Berbagai tradisi memiliki berbagai kepercayaan dan pemikiran mengenai kapan, bagaimana, di mana, dan mengapa Kalki Awatara muncul. Penggambaran yang umum mengenai Kalki Awatara yaitu beliau adalah Awatara yang mengendarai kuda putih (beberapa sumber mengatakan nama kudanya “Devadatta” (anugerah Dewa) dan dilukiskan sebagai kuda bersayap). Kalki memiliki pedang berkilat yang digunakan untuk memusnahkan kejahatan dan menghancurkan iblis Kali, kemudian menegakkan kembali Dharma dan memulai zaman yang baru.
Salah satu sumber yang pertama kali menyebutkan istilah Kalki adalah Wisnu Purana, yang diduga muncul setelah masa Kerajaan Gupta sekitar abad ke-7 sebelum Masehi. Wisnu adalah Dewa pemelihara dan pelindung, salah satu bagian Trimurti, dan merupakan penengah yang mempertimbangkan penciptaan dan kehancuran sesuatu. Kalki juga muncul di salah satu dari 18 kitab Purana yang utama, Agni Purana. Kitab purana yang memuat khusus tentang Kalki adalah Kalki Purana. Di sana dibahas kapan, dimana, bagaimana, dan mengapa Kalki muncul

2 comments:

  1. Apakah awatra yang turun ke dunia hanya berjumlah 10 (dasa awatara) ?

    ReplyDelete
  2. Dasa Awatara yang telah dipaparkan sebelumnya adalah Awatara Wisnu yang populer dan telah dipublikasikan secara luas di banyak buku. Sembilan dari sepuluh Awatara tersebut telah muncul di masing-masing jaman, hanya satu yang belum tampil karena menunggu waktu yang tepat.
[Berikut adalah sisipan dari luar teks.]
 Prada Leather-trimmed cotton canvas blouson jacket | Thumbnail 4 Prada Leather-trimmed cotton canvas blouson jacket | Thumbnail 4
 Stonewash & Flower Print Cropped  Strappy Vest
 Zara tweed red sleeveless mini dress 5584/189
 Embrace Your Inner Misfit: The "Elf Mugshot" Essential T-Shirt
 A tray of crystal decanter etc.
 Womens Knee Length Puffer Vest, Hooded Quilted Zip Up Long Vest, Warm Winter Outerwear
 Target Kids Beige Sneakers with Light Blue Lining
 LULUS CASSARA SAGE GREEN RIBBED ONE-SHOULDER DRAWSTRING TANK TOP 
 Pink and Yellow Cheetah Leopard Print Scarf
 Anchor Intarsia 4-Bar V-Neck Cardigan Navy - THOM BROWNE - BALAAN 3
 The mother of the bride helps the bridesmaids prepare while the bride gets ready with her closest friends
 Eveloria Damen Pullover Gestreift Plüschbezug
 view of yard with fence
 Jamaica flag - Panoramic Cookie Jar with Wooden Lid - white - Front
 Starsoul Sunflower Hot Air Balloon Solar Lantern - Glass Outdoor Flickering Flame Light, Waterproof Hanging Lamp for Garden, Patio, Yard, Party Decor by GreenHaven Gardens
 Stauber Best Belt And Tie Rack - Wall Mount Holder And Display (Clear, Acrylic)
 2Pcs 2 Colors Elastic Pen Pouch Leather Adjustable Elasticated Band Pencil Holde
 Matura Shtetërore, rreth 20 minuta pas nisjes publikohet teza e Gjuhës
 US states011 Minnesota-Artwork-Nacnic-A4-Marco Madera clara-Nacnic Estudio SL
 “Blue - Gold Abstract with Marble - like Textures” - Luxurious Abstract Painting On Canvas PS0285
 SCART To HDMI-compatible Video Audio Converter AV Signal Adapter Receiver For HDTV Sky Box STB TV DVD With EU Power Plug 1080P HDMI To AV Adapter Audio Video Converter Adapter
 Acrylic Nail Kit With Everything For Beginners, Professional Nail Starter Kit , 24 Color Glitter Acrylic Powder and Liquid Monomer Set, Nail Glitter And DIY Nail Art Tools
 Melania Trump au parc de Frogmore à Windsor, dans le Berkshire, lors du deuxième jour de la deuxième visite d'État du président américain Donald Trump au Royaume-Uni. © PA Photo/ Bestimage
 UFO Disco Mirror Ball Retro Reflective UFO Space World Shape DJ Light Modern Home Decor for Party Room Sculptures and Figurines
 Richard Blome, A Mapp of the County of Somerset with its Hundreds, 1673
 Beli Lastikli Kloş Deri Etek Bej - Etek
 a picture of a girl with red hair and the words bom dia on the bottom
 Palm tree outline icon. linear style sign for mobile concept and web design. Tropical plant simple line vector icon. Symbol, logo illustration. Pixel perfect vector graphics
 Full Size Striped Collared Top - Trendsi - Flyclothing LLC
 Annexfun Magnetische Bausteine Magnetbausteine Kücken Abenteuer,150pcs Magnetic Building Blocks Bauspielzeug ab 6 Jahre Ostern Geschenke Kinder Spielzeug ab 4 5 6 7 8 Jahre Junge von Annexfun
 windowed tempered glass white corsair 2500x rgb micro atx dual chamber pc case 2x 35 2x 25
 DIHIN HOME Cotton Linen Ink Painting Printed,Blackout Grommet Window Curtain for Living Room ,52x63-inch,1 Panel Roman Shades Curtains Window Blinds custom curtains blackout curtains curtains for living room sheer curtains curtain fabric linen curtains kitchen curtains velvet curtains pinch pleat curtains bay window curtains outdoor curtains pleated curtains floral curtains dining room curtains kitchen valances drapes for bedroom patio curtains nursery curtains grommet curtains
    Namun kalo berbicara masalah populer, tentunya ada yang lainnya. Menurut purana-purana yang merupakan bagian yang tidak terpisahkan dari Weda, jumlah awatara yang ada tidak terhitung jumlahnya. Dalam Bagawatapurana secara spesifik menyebutkan setidaknya ada empat puluh awatara, antara lain Catursana (Caturkumara), Waraha, Narada, Nara dan Narayana, Kapila, Dattreya, Yadnya, Resaba, Pertu, Matsya, Kumara dan masih banyak lagi.

    Satu hal yang perlu kita bersama yakini. Salah satu kitab suci kita Bhagawadgita (Pancama Weda) menyebutkan :
    Dalam Bhagawadgita, salah satu kitab suci agama Hindu selain Weda, Kresna sebagai perantara Tuhan Yang Maha Esa bersabda:
    “ Yadā yadā hi dharmasya glānir bhavati bhārata abhyutthānam adharmasya tadātmanam srjāmy aham paritrānāya sādhūnām vināśāya ca duskrtām dharma samsthāpanarthāya sambavāmi yuge yuge ”

    (Bhagavad-gītā, 4.7-8)

    Arti
    Manakala kebenaran merosot dan kejahatan merajalela,
    pada saat itulah Aku akan turun menjelma ke dunia,
    wahai keturunan Bharata (Arjuna).

    Untuk menyelamatkan orang-orang saleh
    dan membinasakan orang jahat
    dan menegakkan kembali kebenaran,
    Aku sendiri menjelma dari zaman ke zaman.